A rapidly growing literature in development economics also uses measures of skills and personality to explain economic performance, for example for screening purposes in the job market, credit eligibility, analysing treatment heterogeneity of interventions, and predict selection or performance in public sector jobs. Development economists and policymakers therefore are increasingly interested in measuring skills and personality, and in using those measures for policy design and evaluations.
However, skills and personality are complex and multidimensional, and therefore hard to measure. Typically, economic studies rely on self-reported measures through questionnaires, with a set of questions aimed at measuring a specific skill or personality trait. These can be tests where the respondent tries to find the correct answer, or questions asking the respondents to characterise herself, her views, or preferences. Psychometricians have developed scales to measure the different concepts, but most scales have been tested and validated only in developed country settings. For instance, the large literature on the universality of the Five Factor Model (FFM) for personality traits relies on data from college students in high- and middle-income settings (Schmitt et al. 2007).
Many questions can be raised about the applicability of some of the existing scales for poorer populations given the:
- high level of abstraction of many questions,
- low levels of education in many respondent populations,
- difficulties of standardisation for enumerator-administered tests conducted in the field, and
- translation challenges.
And yet, the standard practice has been to apply the common scales without prior validation in developing country contexts.
Testing the reliability and validity of skills measures in Kenya and Colombia
To address this lack of validation, we conducted survey experiments to test a wide range of commonly used measures of cognitive, non-cognitive, and technical skills on rural populations in Kenya and Colombia (Laajaj and Macours 2020). The tests were applied twice within less than a month to test reliability (through comparison of answers to the same questions). To test validity, we analysed the degree to which the tools measure what they claim to measure. For instance, we checked correlation between different measures of the same skill, and tested whether the tools predict outcomes that are likely affected by the skill. Finally, we test whether items that aim to measure a given skill or personality trait are more correlated with each other than with questions aimed at measuring a different skill.
Cognitive skills versus non-cognitive skills
Our results show that cognitive skills, using both standardised scales and tests developed for the specific context, can be measured with high levels of reliability and validity. Indeed, this is similar to findings in developed country settings. Cognitive skills also show good predictive validity, even after controlling for educational levels. This is good news for development economists collecting survey data on cognitive skills.
On the other hand, we find that standard application of commonly used scales of non-cognitive and technical skills suffers from large measurement error, resulting in low reliability and validity. For technical skills (agricultural knowledge in our context), using more structural methods to reduce measurement error results in a construct with higher predictive validity, even if large measurement error remains.

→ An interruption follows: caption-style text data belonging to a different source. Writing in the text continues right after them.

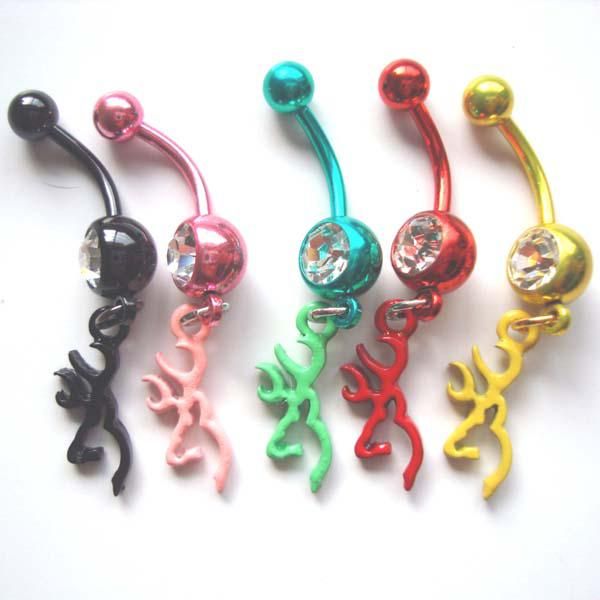 

d0068 ( 5 colors ) browning deer belly button navel rings body piercing jewelry dangle fashion charm cz stone 10pcs/lot, Silver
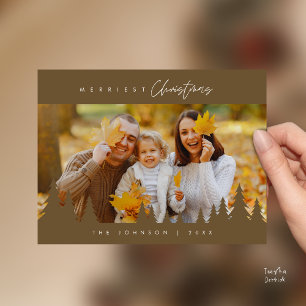 Modern Minimalist, Merriest Christmas Family Photo Postcard
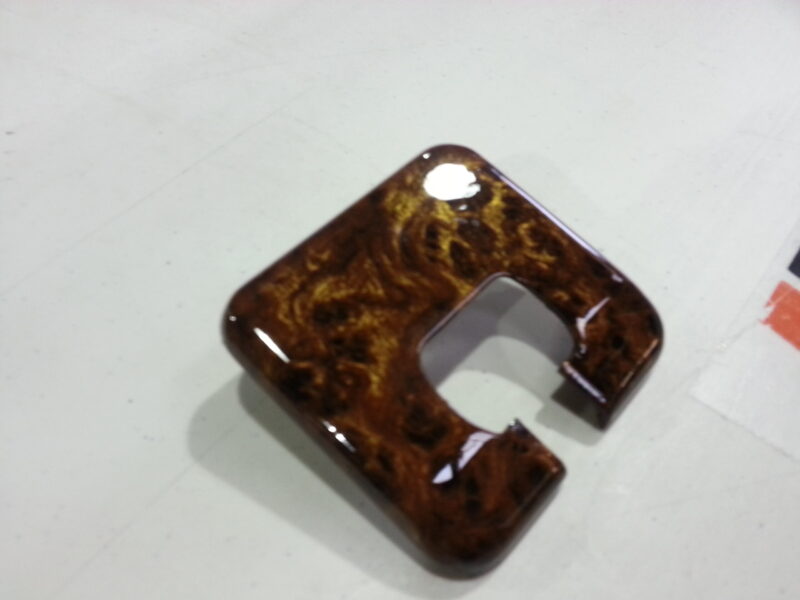 Car Interior Elements Coated In Wood Hydrographic Film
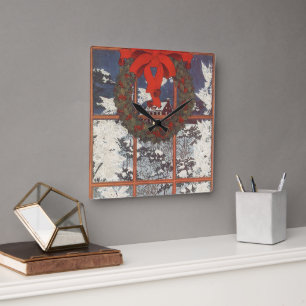 Vintage-Weihnachtskranz in einem Fenster mit Schne Quadratische Wanduhr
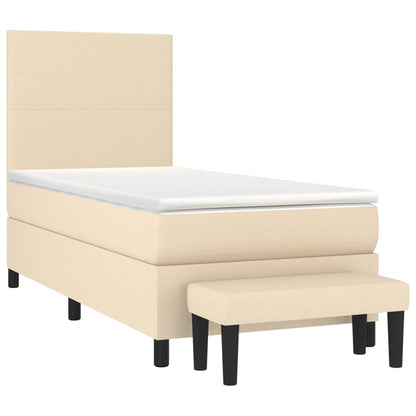 Spring bed frame with cream mattress 100x200 cm in fabric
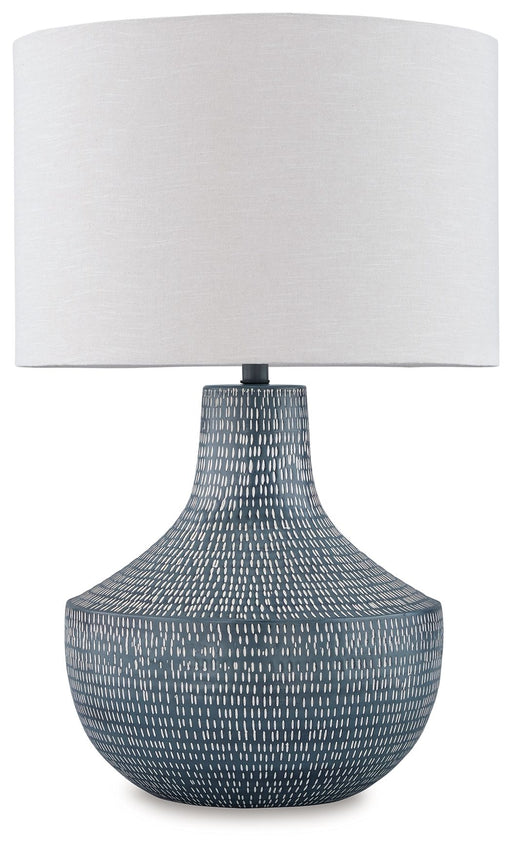 Schylarmont - Metal Table Lamp - Antique Gray / White - R&R Furniture Gallery (Fountain Valley, CA)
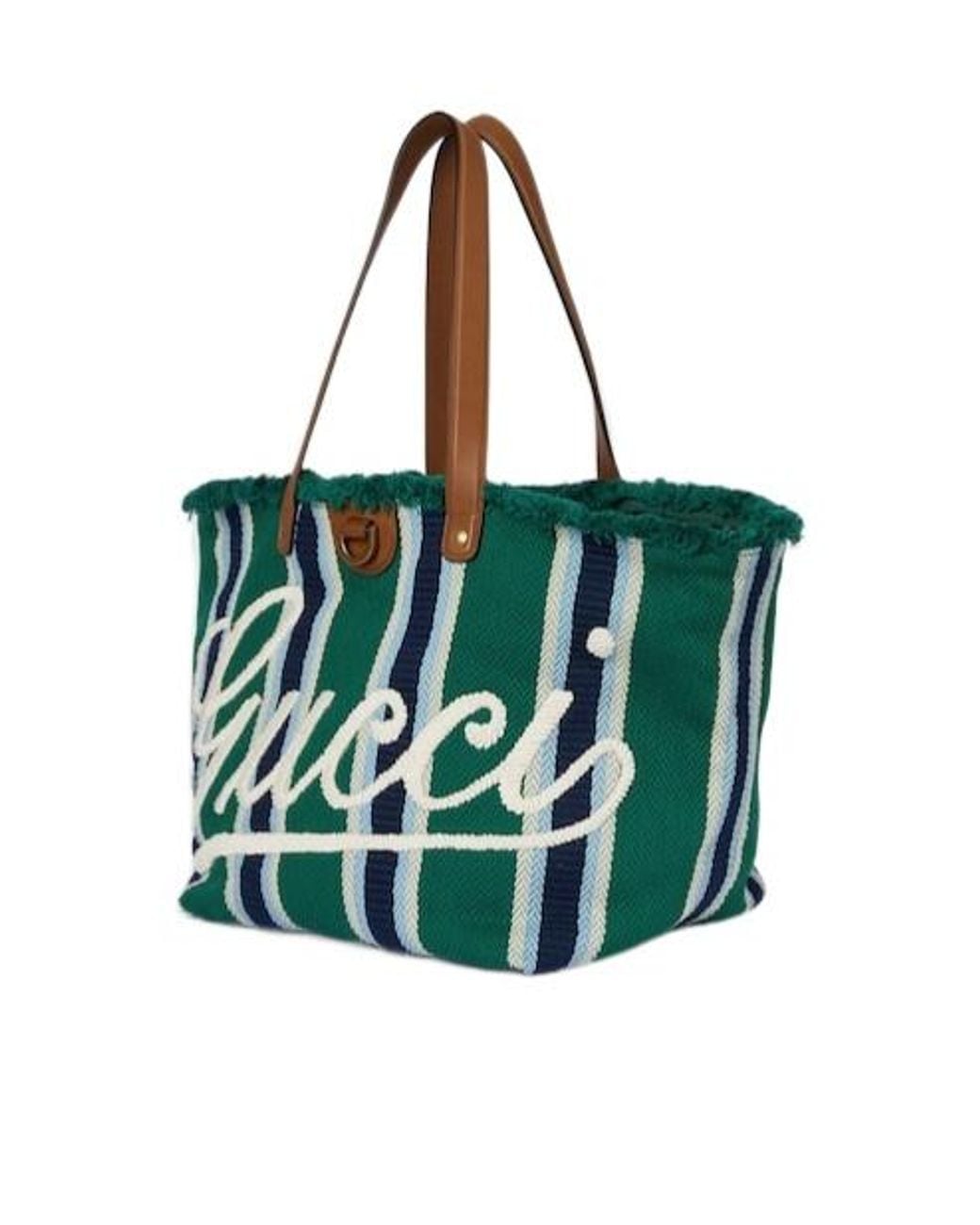 Gucci Green Medium Embroidered Canvas Tote Bag for men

The measures of non-cognitive skills are perhaps the most worrying, as answers appear to be driven by a mix of the true underlying skill and answering patterns. For example respondents with lower cognitive skills are more likely to agree, even to contradictory statements. Moreover, enumerator interactions can explain some of the identified measurement problems. The use of such measures may then lead to erroneous conclusions.
Broadening the evidence base
While these findings were highly consistent between Kenya and Colombia, one may worry about their wider external validity. We hence analysed 29 face-to-face surveys from 94,715 interviewees in 23 low- and middle-income countries across the globe in Laajaj et al. (2019), focusing on personality measures. This includes datasets from 14 World Bank's Skills Measurement Programme (STEP) surveys, and 15 datasets collected for various purposes and used in top publications. All instruments measure personality through items of the Big Five Inventory (BFI).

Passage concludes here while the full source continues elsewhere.